== Data for processing ==

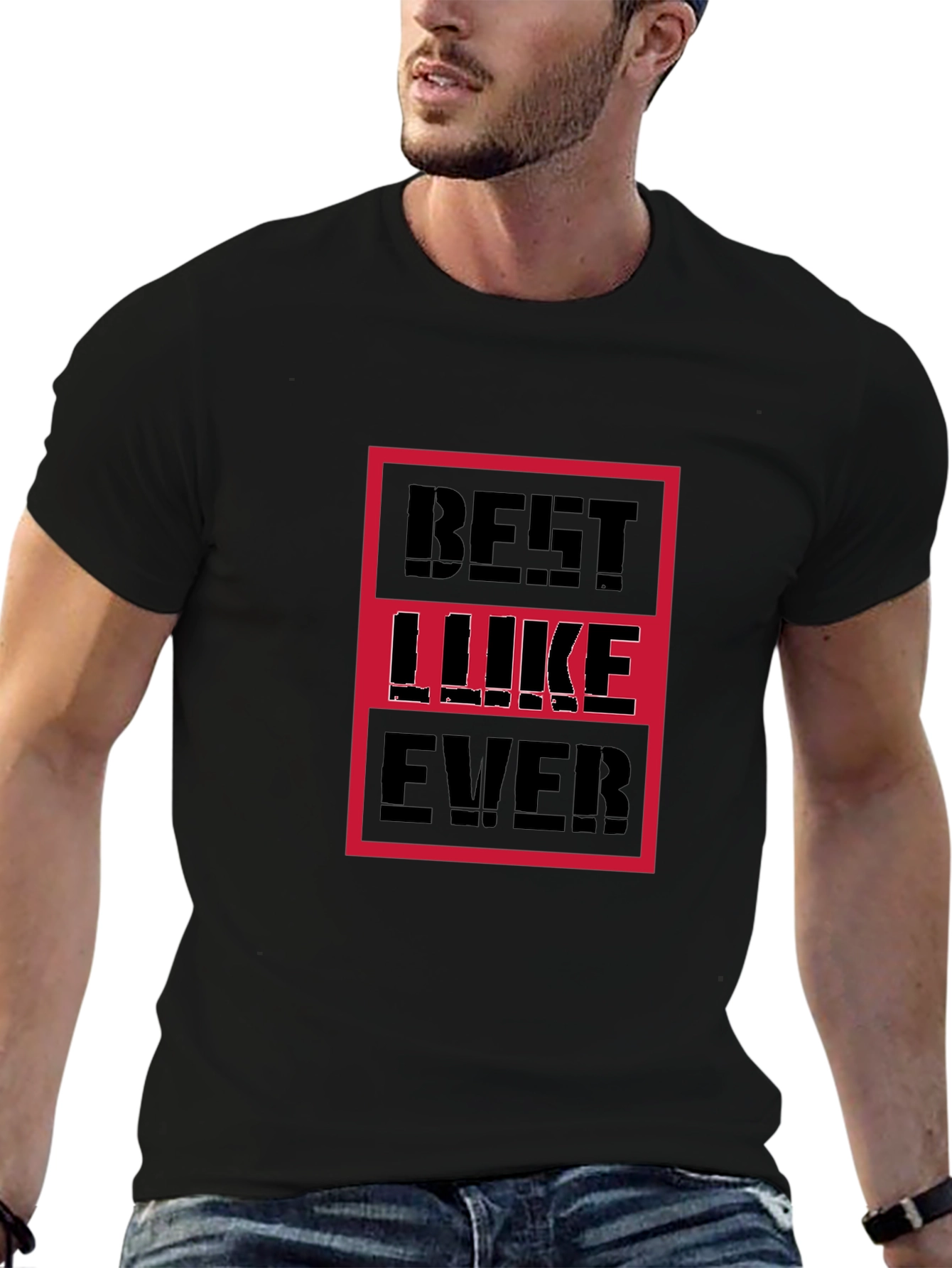 Best Luke Ever Graphic Tee - Black Cotton T-Shirt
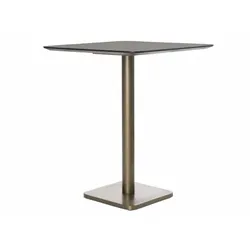 COCO Maison Brest Bartisch Stone Anthrazit Gold 75x75cm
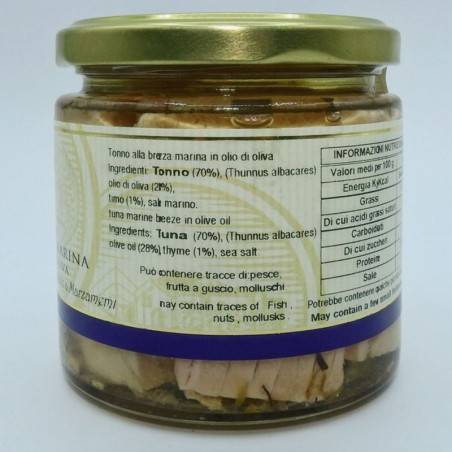thon brise de mer à l’huile d’olive 220 g Campisi Conserve - 3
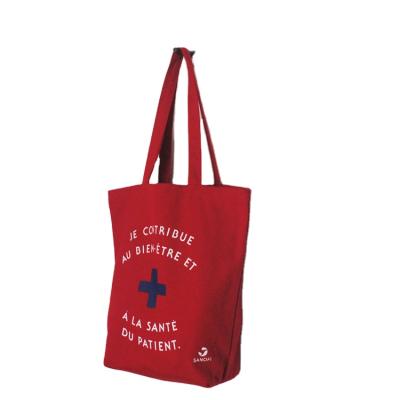 China Wholesale China Large Handled Canvas Tote Bag With Custom Logo for sale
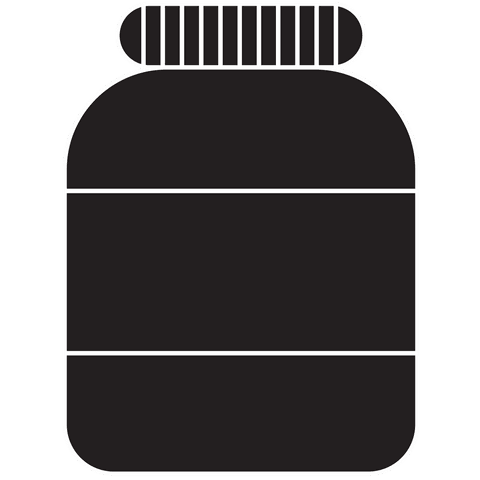 simple black jar icon with transparent background for designs - Download Free Stock Videos Pikwizard.com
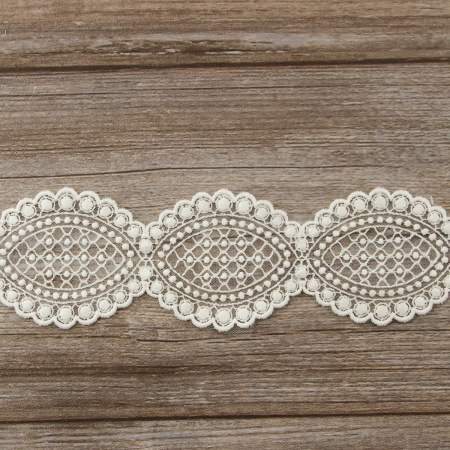 Вышивка на тюле, 7 мм, цвет белый. Арт I753/00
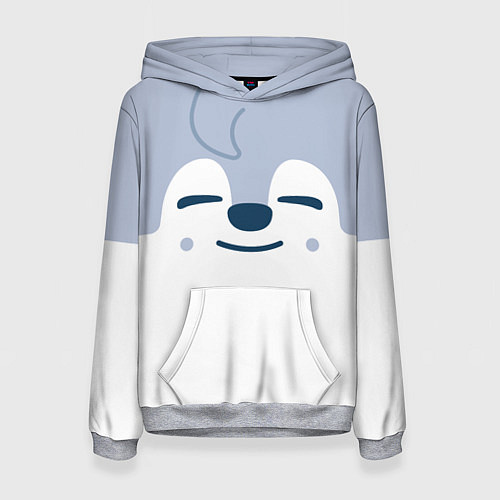 Женская толстовка Wolf Chan skzoo / 3D-Меланж – фото 1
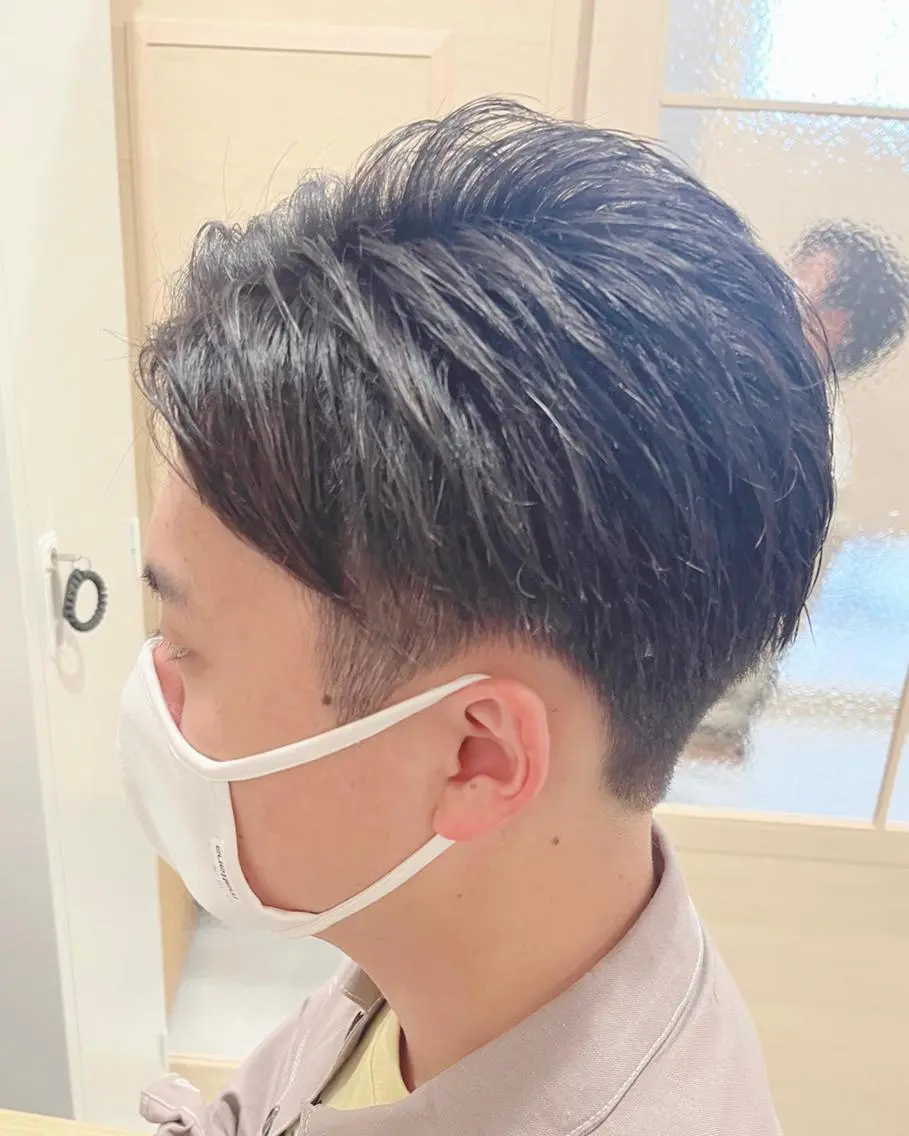 ショート カラー メンズ 学生(メンズ向け) メンズショート ツーブロック 外国人風カラー 学生 🌿ヤマグチ ユウキ🌿のヘアスタイル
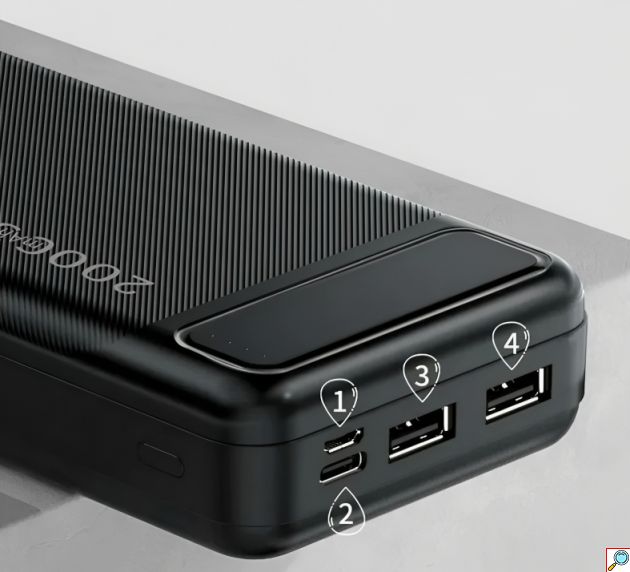 KLGO Power Bank 20000mAh με 2 Θύρες USB-A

== Directions ==
The required output is an exact copy of the lines from the one with "thon brise de" through the final line of the data above, with pictures removed.

== Written solution ==
thon brise de mer à l’huile d’olive 220 g Campisi Conserve - 3
 China Wholesale China Large Handled Canvas Tote Bag With Custom Logo for sale
 simple black jar icon with transparent background for designs - Download Free Stock Videos Pikwizard.com
 Вышивка на тюле, 7 мм, цвет белый. Арт I753/00
 Женская толстовка Wolf Chan skzoo / 3D-Меланж – фото 1
 ショート カラー メンズ 学生(メンズ向け) メンズショート ツーブロック 外国人風カラー 学生 🌿ヤマグチ ユウキ🌿のヘアスタイル
 KLGO Power Bank 20000mAh με 2 Θύρες USB-A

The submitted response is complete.